ESCRS - PP08.07 - Corvis St Biomechanical Indices In The Diagnosis Of Corneal Stromal Disorders. A Machine Learning-Based Comparative Study

Corvis St Biomechanical Indices In The Diagnosis Of Corneal Stromal Disorders. A Machine Learning-Based Comparative Study

Published 2024 - 42nd Congress of the ESCRS

Reference: PP08.07 | Type: Free paper | DOI: 10.82333/pbd3-c260

Authors: Vincent Michel Borderie* 1 , Cristina Georgeon 1 , Benjamin Memmi 1 , Malika Hamrani 1 , Nacim Bouheraoua 1

1Ophthalmology 5,Hôpital National des 15-20,Paris,France

Purpose

To analyze the value of the Corvis ST biomechanical indices in the diagnosis of corneal stromal disorders (CSDs).

Setting

Institutional (Hôpital National des 15-20, Paris, France).

Methods

Design: Retrospective case-control study. Study population: 409 eyes with a CSD and 303 normal eyes (controls). Main outcome measures: Corvis ST indices.

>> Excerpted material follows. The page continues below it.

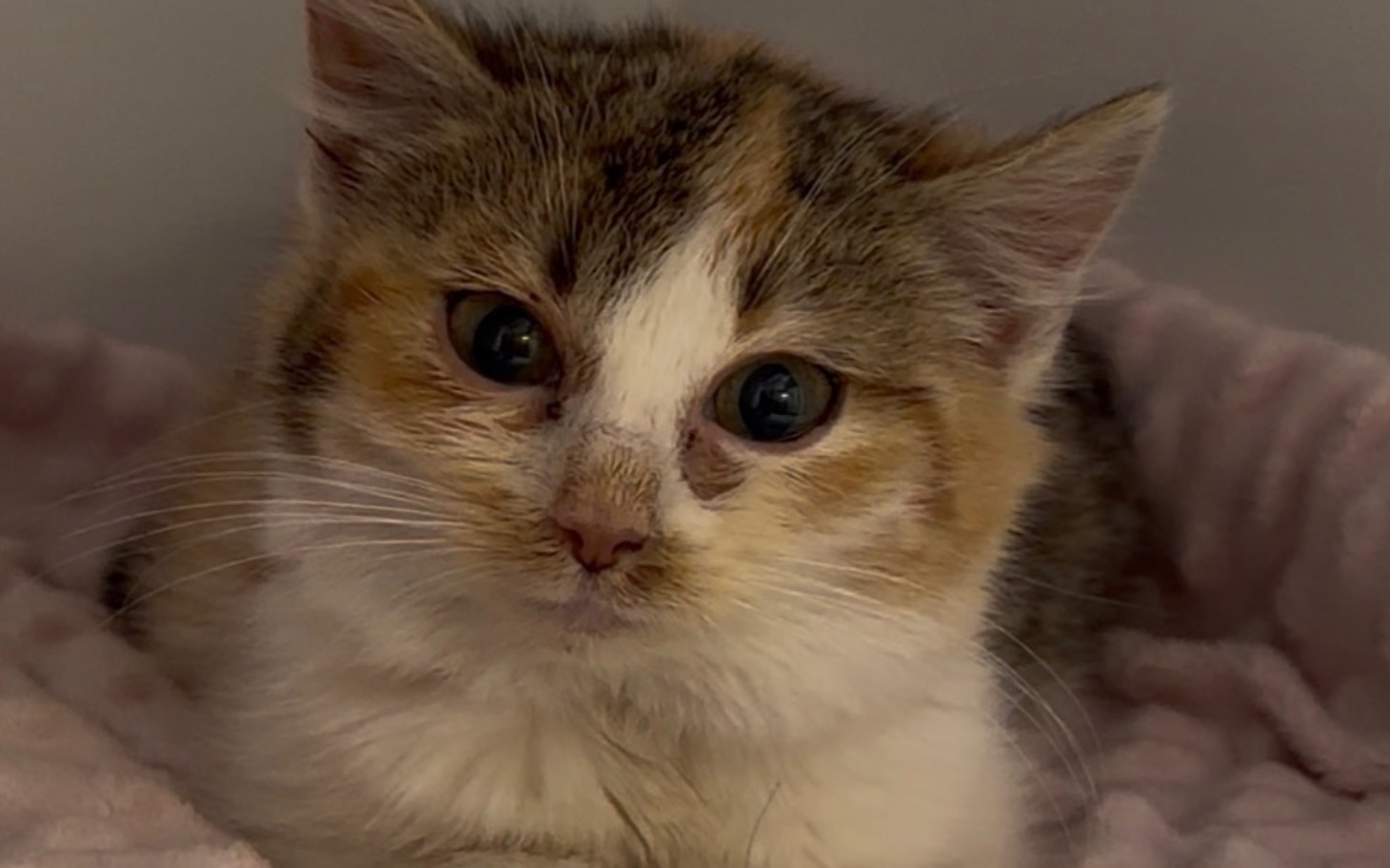 
        Mały kotek z dużymi oczami na różowym kocyku.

The collected data were divided into a training set (70%) and a test set (30%). Machine learning frameworks (logistic regression, ROC curves, and random forests) were used to distinguish each stromal disorder from controls and to classify corneas into six groups: keratoconus corneas (untreated or after cross-linking, ring segment implantation, or keratoplasty), high-risk corneas (forme frustre keratoconus, family history of keratoconus), laser corneal refractive surgery (PRK, LASIK, and Smile) corneas, Fuchs dystrophy corneas, glaucoma corneas, and normal corneas.

Results

SSI significantly increased with age in the control group. Compared with controls matched for age, keratoconus corneas featured higher CBI (AUC in the test set, 0.92), lower SSI (0.78), and lower pachymetry (0.91); high-risk corneas featured higher CBI (0.84) and lower pachymetry (0.85); refractive surgery corneas featured higher CBI (0.90) and lower pachymetry (0.87); Fuchs dystrophy corneas featured higher SSI (1.00) and pachymetry (0.87); glaucoma corneas featured higher CBI (0.69) and lower pachymetry (0.79). The accuracy (percentage of corneas correctly classified in the test set) of the random forest classifier using CBI, SSI, and pachymetry as inputs was 76%.

Conclusions

Corvis ST indices are relevant for the diagnosis of CSDs and for distinguishing various CSDs from each other.